Provided material section start

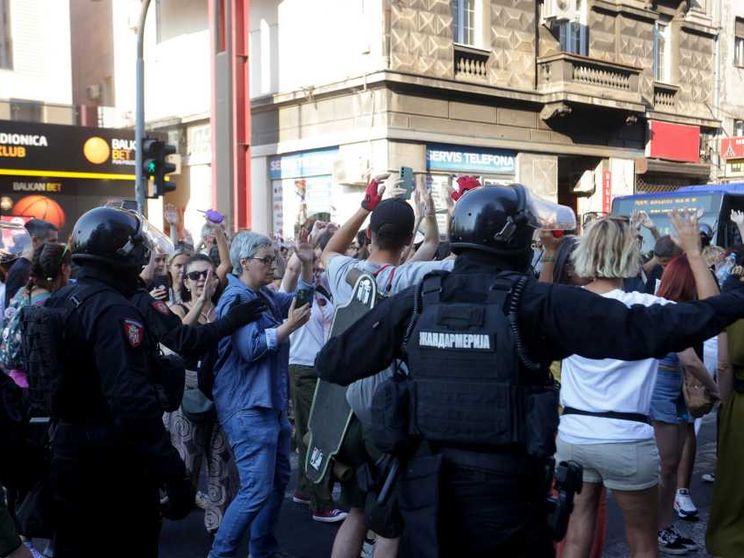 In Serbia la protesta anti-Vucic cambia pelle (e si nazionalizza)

Provided material section end
Provided material section start

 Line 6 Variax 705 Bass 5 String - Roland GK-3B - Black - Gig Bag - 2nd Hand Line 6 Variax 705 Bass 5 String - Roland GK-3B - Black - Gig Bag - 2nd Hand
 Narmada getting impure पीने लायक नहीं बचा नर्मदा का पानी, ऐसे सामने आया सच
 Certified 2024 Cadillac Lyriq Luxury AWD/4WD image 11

Provided material section end
Provided material section start

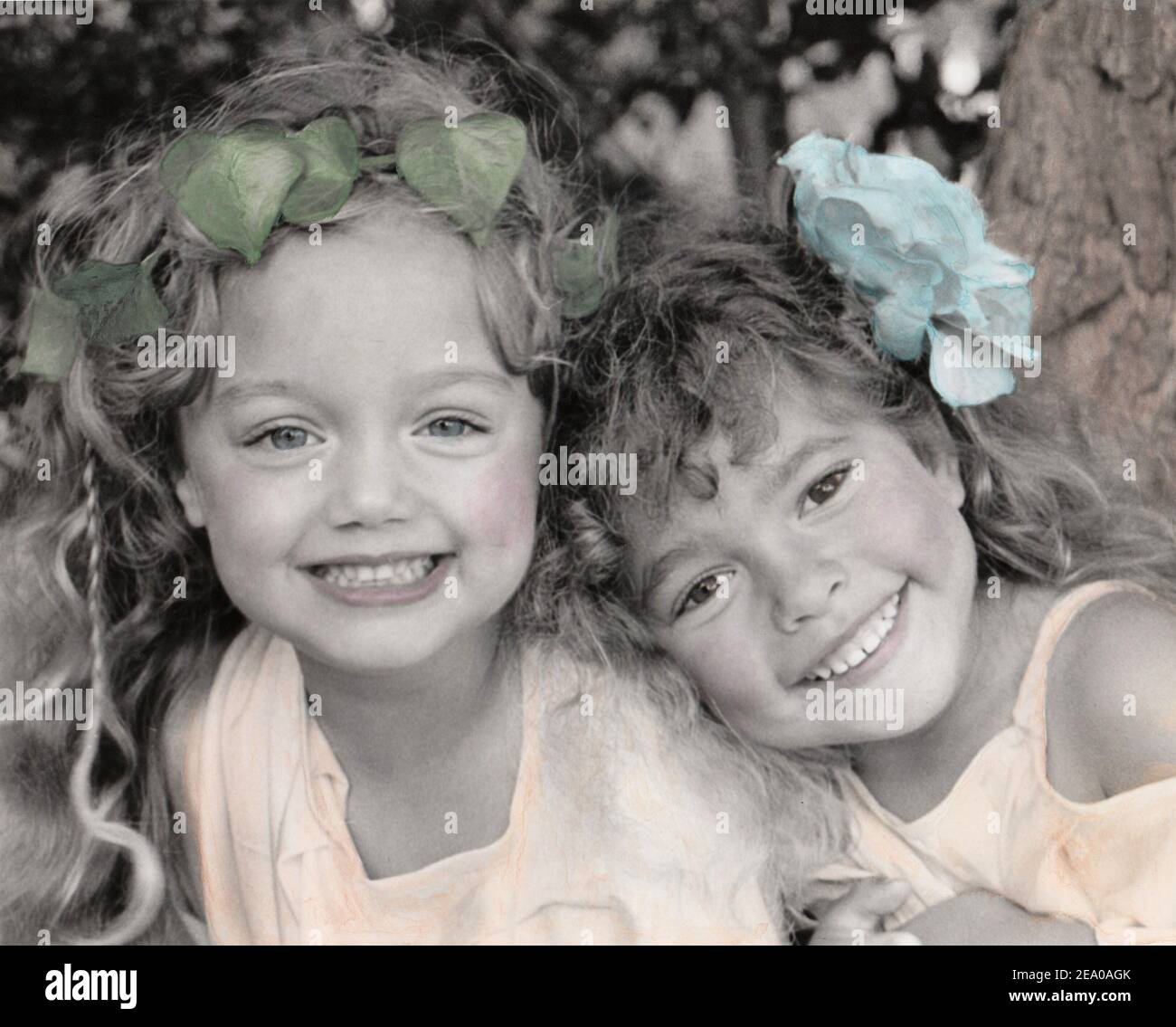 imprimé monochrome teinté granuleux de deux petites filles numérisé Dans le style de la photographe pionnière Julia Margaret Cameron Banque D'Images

Provided material section end

One stretch of the lines above is wanted, from the line that contains "Narmada getting impure" through the line that contains "Certified 2024 Cadillac". Output it exactly.

> [Answer box]
 Narmada getting impure पीने लायक नहीं बचा नर्मदा का पानी, ऐसे सामने आया सच
 Certified 2024 Cadillac Lyriq Luxury AWD/4WD image 11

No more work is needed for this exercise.